13.02.2014 20:24:00

Allg. Zeitung Mainz: Mehrere Tragödien - Kommentar zum Fall Edathy

Mainz (ots) - Tumultartige Zustände, ein Wust von Beschuldigungen, Verdächtigungen und wachsweiche bis verzweifelte Erklärungsversuche derer, gegen die sich Verdacht richtet. Nicht zu vergessen: Eine Provinzzeitung, die unter gröblichster Verletzung des Presserechts, vor allem aber des Anstands, eine polizeiliche Durchsuchung in einer Wohnung fotografiert. Nein, eine Staatskrise ist das nicht, aber schon ein Stück aus dem Tollhaus und einmal mehr eine Katastrophe für die Glaubwürdigkeit von Politik. Auch die Justiz steht nach bisherigen Erkenntnissen in einem merkwürdigen Licht.

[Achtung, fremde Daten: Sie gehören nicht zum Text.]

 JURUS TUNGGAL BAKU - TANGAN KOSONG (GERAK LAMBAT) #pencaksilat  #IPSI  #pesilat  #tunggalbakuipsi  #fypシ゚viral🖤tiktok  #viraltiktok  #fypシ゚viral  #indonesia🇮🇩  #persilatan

Um Schlimmeres zu verhindern, ist es wichtig, Ruhe zu bewahren und die Gedanken zu sortieren. Kinderpornografie ist juristisch strafbar und moralisch ekelhaft. Aber es gilt die Unschuldsvermutung. Ein Gericht ist die einzige - weltliche - Institution, die legitimiert ist, Sebastian Edathy frei- oder schuldig zu sprechen. Hans-Peter Friedrich bewies nach allem, was bislang bekannt ist, im Oktober einmal mehr seine Unfähigkeit; das überrascht niemanden. Wer ihm - juristisch - Geheimnisverrat anlastet, ist beweispflichtig. Wer ihn - politisch - nicht mehr im Kabinett sehen möchte, hat unabhängig davon recht. Man muss sich darüber Gedanken machen, wie Sigmar Gabriel, Frank-Walter Steinmeier, Thomas Oppermann und Christine Lambrecht die Situation, bestimmte Informationen über ihren Parteikollegen Edathy zu haben, verkraftet haben, und wie sie damit umgegangen sind. Wer ihnen Strafvereitelung vorwirft, ist beweispflichtig, anderenfalls bewegt er sich am Rande des Rufmords. Nur eines steht wirklich fest: Es haben sich im Zusammenhang mit dem Fall Edathy mehrere menschliche Tragödien abgespielt. Und es könnten weitere folgen.